7. Soutenu par la charité, le prêtre peut suivre, dans l'accomplissement de son ministère, l'exemple du Christ dont la nourriture était de faire la volonté de son Père. Dans l'adhésion amoureuse à cette volonté, le prêtre trouvera le principe et la source d'unité de sa vie. Le Concile l'affirme : les prêtres devront " s'unir au Christ dans la découverte de la volonté du Père… Ainsi, représentant le Bon Pasteur, ils trouveront dans l'exercice même de l'activité pastorale le lien de la perfection sacerdotale qui réalisera l'unité de leur vie et de leur activité " (PO, 14).

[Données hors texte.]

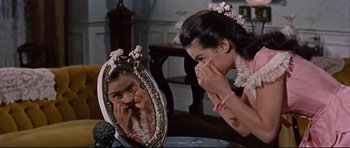 Movie still from “Journey to the Center of the Earth” (1959), directed by Henry Levin – A woman is looking at her reflection in a mirror; Close Up shot, Over the shoulder angle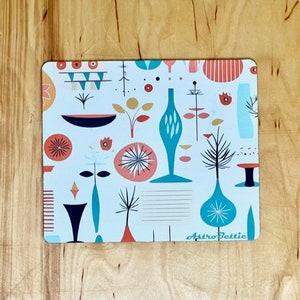May include: A white coaster with a colorful mid-century modern design featuring abstract shapes, geometric patterns, and a teal vase. The coaster has the text "AstroPettie" in the bottom right corner.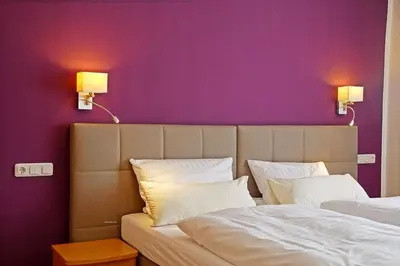 Ein Bett oder Betten in einem Zimmer der Unterkunft Hotel Eifelstube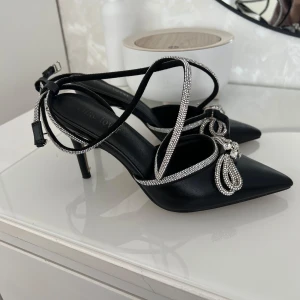 Svarta klackskor med rosett  - Säljer ett par svarta klackskor med spetsig tå och tunna remmar dekorerade med glittrande strass. Skorna har en elegant rosettdetalj framtill med pärlor och stenar. Hör av er vid intresse🥰. 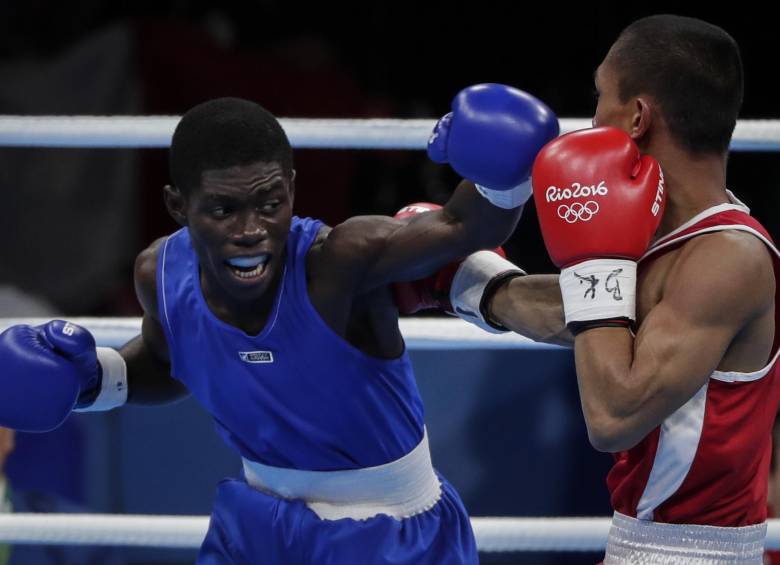 El boxeador colombiano Yuberjén Martínez derrotó al filipino Rogen Ladon 3-0 en los octavos de final de la división minimosca. FOTO COLPRENSA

La source à laquelle puiser cette charité demeure toujours l'Eucharistie, qui constitue " le centre et la racine de toute la vie du prêtre ". Aussi l'âme de celui-ci devra s'efforcer de " refléter ce qui s'accomplit sur l'autel " ( PO, 14).

La grâce et la charité de l'autel se dilatent ainsi jusqu'à l'ambon, au confessionnal, aux archives paroissiales, à l'école, au patronage, aux maisons et aux rues, aux hôpitaux, aux moyens de transport et aux moyens de communication sociale, partout où le prêtre a la possibilité d'accomplir sa tâche de pasteur : en chacun de ces cas, c'est sa messe qui s'étend, c'est son union spirituelle au Christ Prêtre et Hostie qui le porte à être - comme le disait saint Ignace d'Antioche - " froment de Dieu, afin de pouvoir être trouvé pur pain du Christ " (cf. Ep. ad Romanos, IV, 1), pour le bien de ses frères.